Insgesamt drei Firmennamen standen seit 2001 in riesigen Buchstaben auf dem Dach der Ostkurve. Von 2001 bis 2007 war es die AOL-Arena, von 2007 bis 2010 die HSH Nordbank-Arena, und seit fünf Jahren heißt es Imtech Arena. Für die HSV-Fans aber ist es immer das Volksparkstadion geblieben.

Allen drei Namenssponsoren ist gemeinsam, dass sie aus wirtschaftlichen Gründen zum Ausstieg aus dem Sponsoring gezwungen wurden. Der Internet-Provider AOL litt stark unter der Einführung von DSL und Flatrates, AOL Deutschland wurde 2007 an Hansenet verkauft. Die HSH Nordbank wurde durch Fehlspekulationen und die internationale Finanzkrise 2010 an den Rand des Ruins gebracht, und auch der Gebäudetechnologiekonzern Imtech ist mittlerweile im dreistelligen Millionenbereich verschuldet.

Im Juni 2001 hatte der HSV unter dem damaligen Vorsitzenden Werner Hackmann die Namensrechte für 30 Millionen Mark für fünf Jahre an AOL verkauft. Der Vertrag wurde nach der WM 2006 für drei Millionen Euro um ein Jahr verlängert. Mehr als fünf Millionen Euro jährlich war anschließend der HSH Nordbank der Arena-Name wert. Imtech zahlte zuletzt 25 Millionen für sechs Jahre.
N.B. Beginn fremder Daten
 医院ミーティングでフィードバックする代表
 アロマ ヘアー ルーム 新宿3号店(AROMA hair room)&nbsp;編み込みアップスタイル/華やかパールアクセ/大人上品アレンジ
Einen vierten potenten Partner zu finden wäre für den HSV angesichts des „Arena-Fluchs“ und auch der aktuellen sportlichen Situation sehr schwierig geworden. Die Rückbesinnung auf den Namen „Volksparkstadion“ und die Bereitschaft von Klaus-Michael Kühne, dafür bis 2019 jährlich vier Millionen Euro zu zahlen, ist deshalb für den HSV ein Glücksfall.